_ACTION ITEM_.
Where a picture appears in the data below, exclude it; restate everything else word for word.

_DATA BELOW_.
- Opening Delimiter -

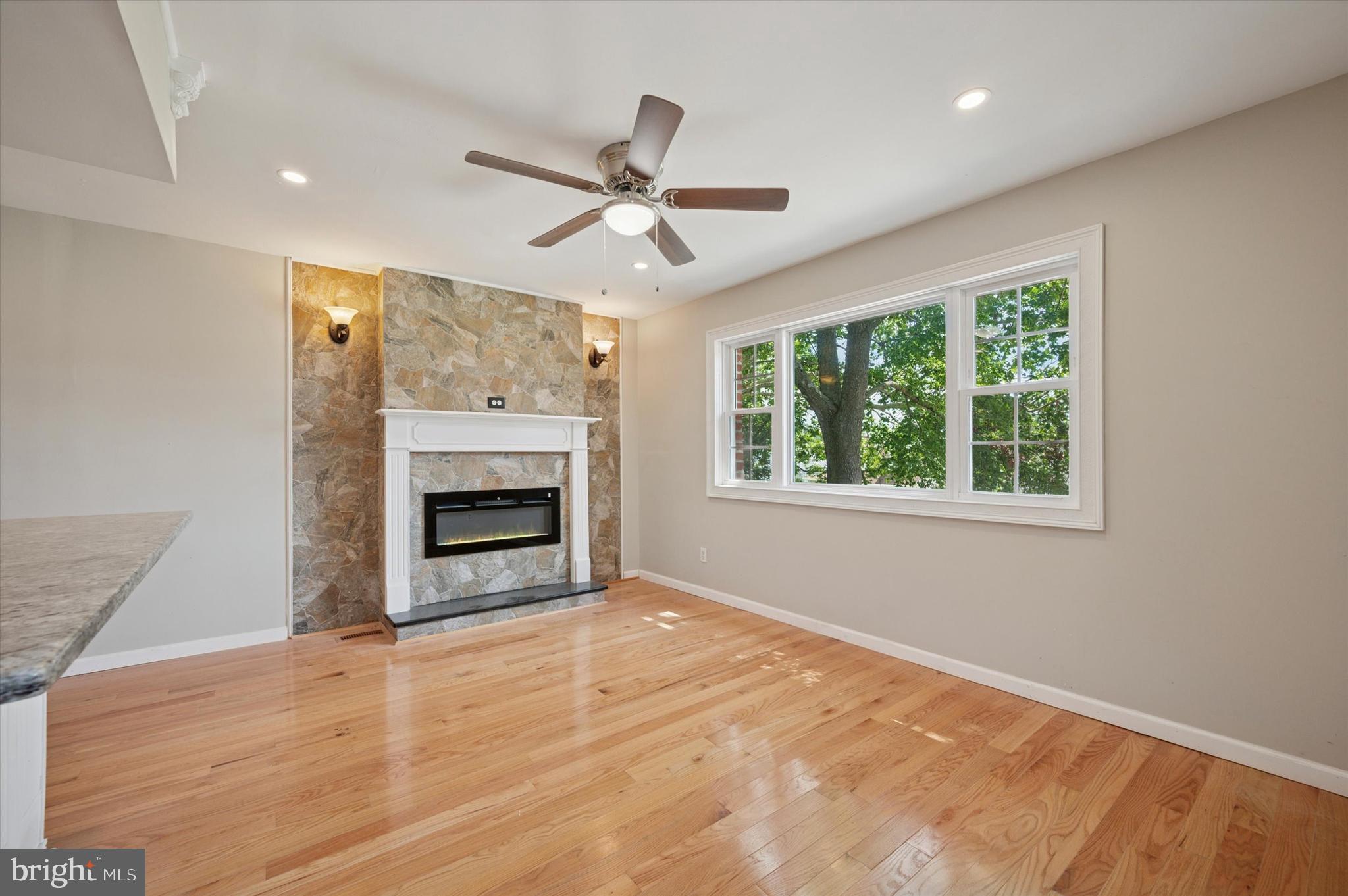 FOX CHASE - Residential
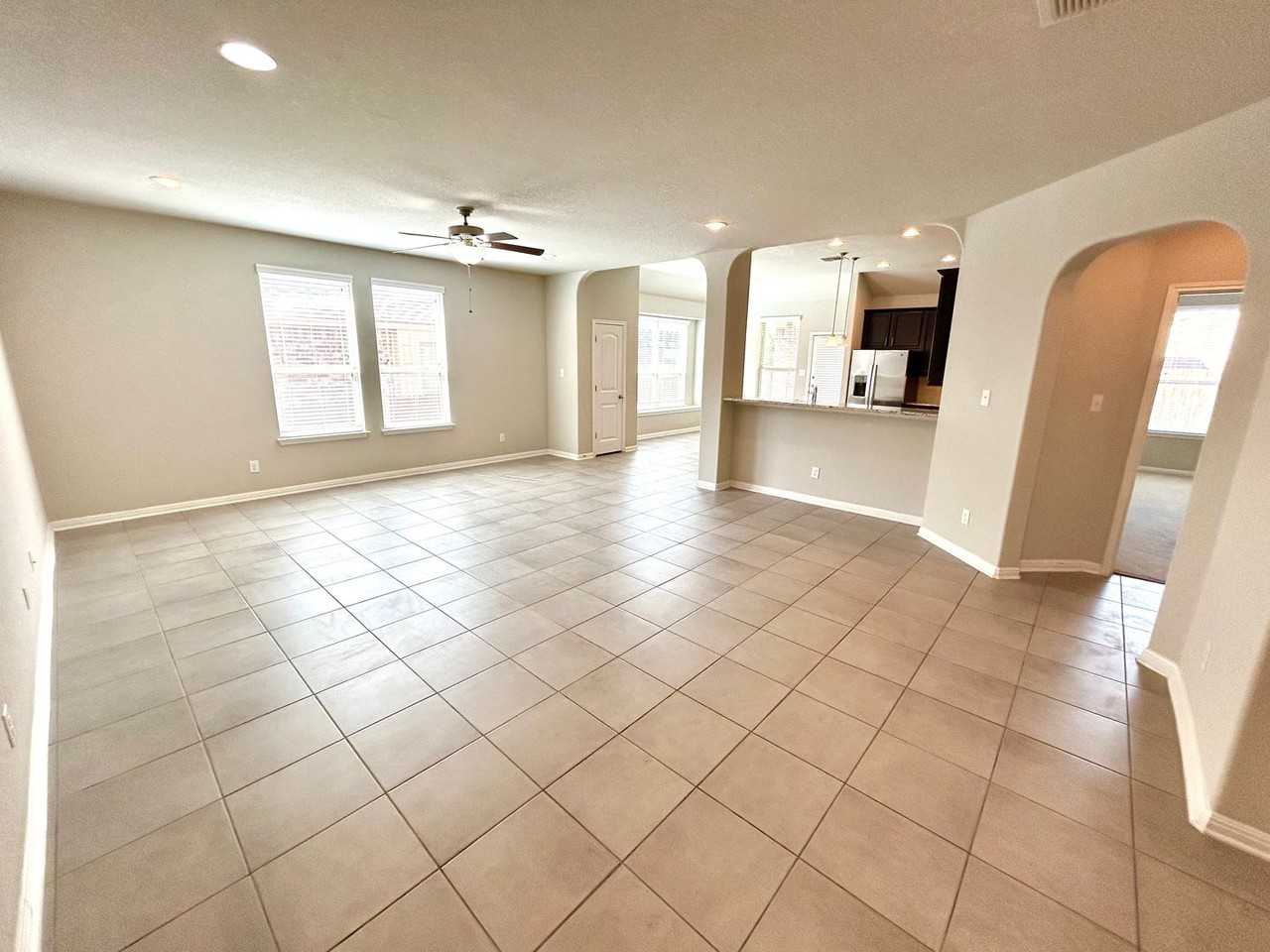 7715 William Bonney - Photo 5 of 40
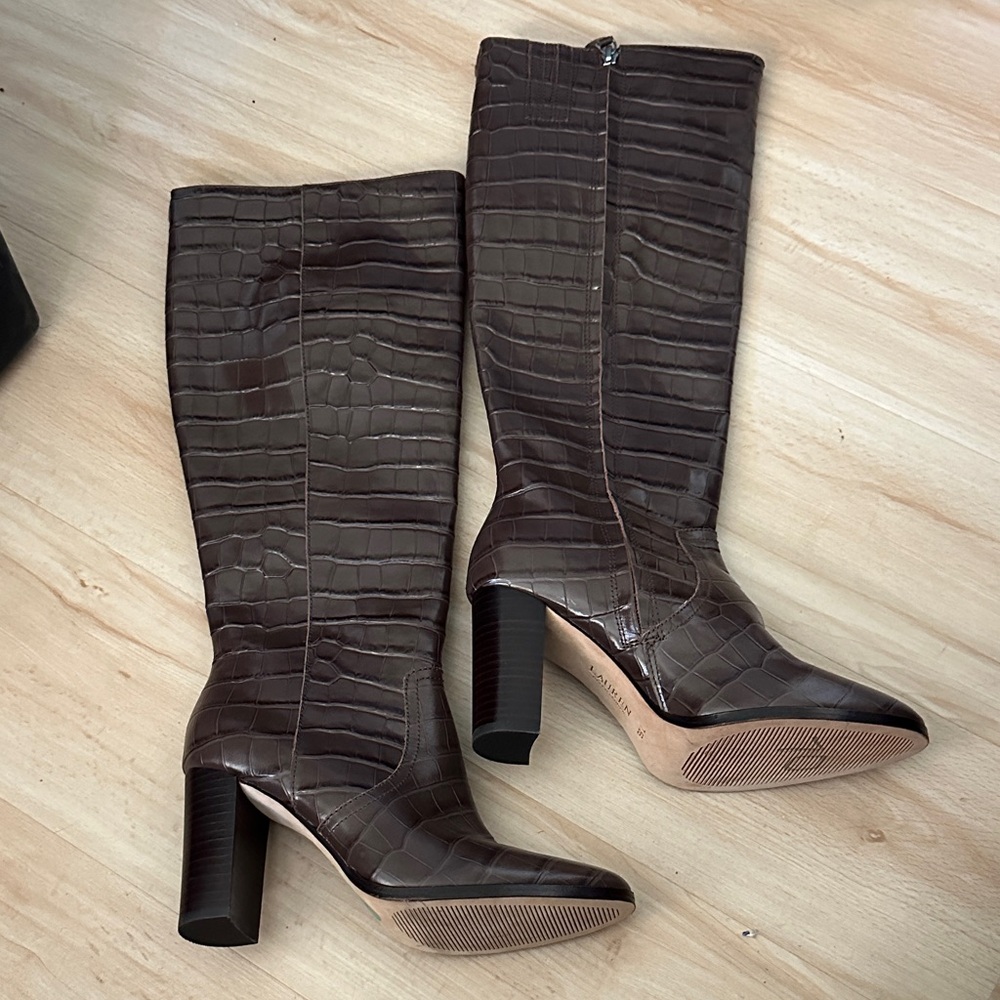 NWOT Lauren Ralph Lauren Ashlynn embossed chocolate brown leather boots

- Closing Delimiter -

_EXERCISE OUTPUT_.
 FOX CHASE - Residential
 7715 William Bonney - Photo 5 of 40
 NWOT Lauren Ralph Lauren Ashlynn embossed chocolate brown leather boots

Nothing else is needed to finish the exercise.